Michael And Stormie Omartian / The Builder (1980年) – アルバム・レビュー

2019年11月12日

おすすめのアルバムをショート・レビューで紹介する「アルバム・レビュー」。今日は、Michael And Stormie Omartianの1980年のアルバム『The Builder』の紹介です。

Michael And Stormie Omartian / The Builder (1980年) フロント・カヴァー

Michael Omartianはアメリカを代表する音楽プロデューサーの一人。Christopher CrossやPeter Cetera, Michael Bolton, Whitney Houstonなどのアルバムをプロデュースして数々のヒットを飛ばしたほか、1985年にはQuincy Jonesと共同で「We Are The World」をプロデュースしたことでも知られている。

また、キーボード奏者やシンガー・ソングライターとしても活動しており、ソロ・アルバムや奥様のStormieとの共同名義のアルバムを何作か残している。この『The Builder』は4作目。夫妻名義のアルバムとしては、2作目になる。

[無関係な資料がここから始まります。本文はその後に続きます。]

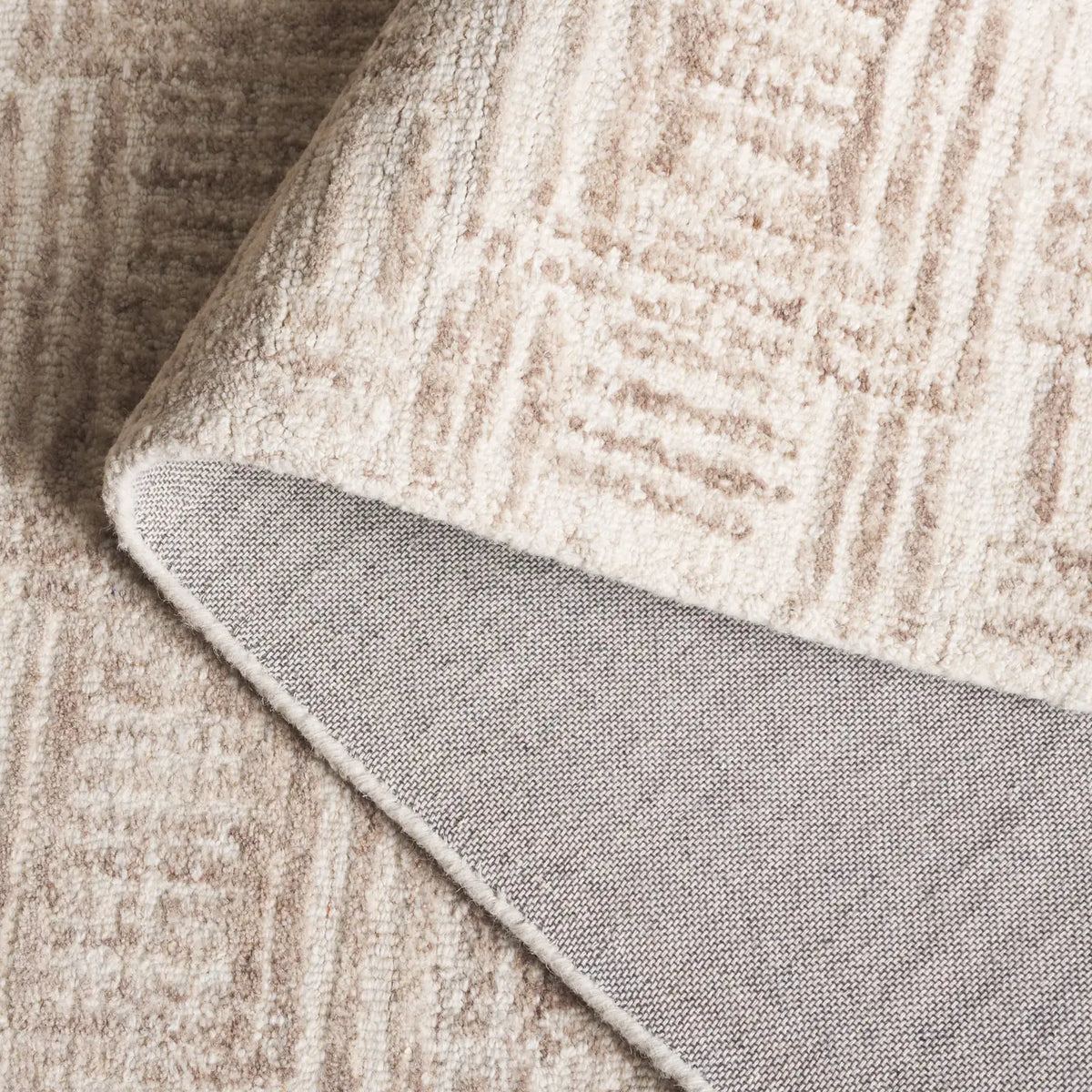Safavieh Ebony 4'-0" x 6'-0" Rug in Ivory / Brown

Omartian夫妻はアルバムの制作時に家を新築中だったようで、そのことが "The Builder" というタイトルや、家の骨組みを描いたフロント・カヴァーに表れている。また、ミュージシャンのクレジットを "Construction Crew (建築作業員)" と書いたり、ドラムスやベースを "Foundation (土台)"、ホーンズを "Framing (枠組み)"、ソリストを "Finish Work (仕上げ)" と記すなど、ユーモアがあって面白い。

曲作りに関しては、奥様が作詞を、Michaelが作曲を担当。メロディアスでカラフルで、聴いていて楽しい曲が多い。リード・ヴォーカルも二人で分担しており、とても息が合っている。

リード・ギターは、Jay GraydonとPhil Keaggyが担当。「The Only Thing Missing Is You」の滑らかでエレガントなギターは、一聴してJay Graydonと分かる。また、「Big Time」の冒頭で、"受話器で会話する男二人" をMichaelと演じているのはJay Graydonである。

一方のPhil Keaggyは、60年代からプロとして活動するギターの名手。ラストの「End Times」のソロなどは、なかなかスリリングだ。中田利樹氏の書いたライナー・ノーツによると、Eddie Van Halenが「ギターに関する質問は俺なんかじゃなく、Phil Keaggyに訊いてくれよ」と語ったとか。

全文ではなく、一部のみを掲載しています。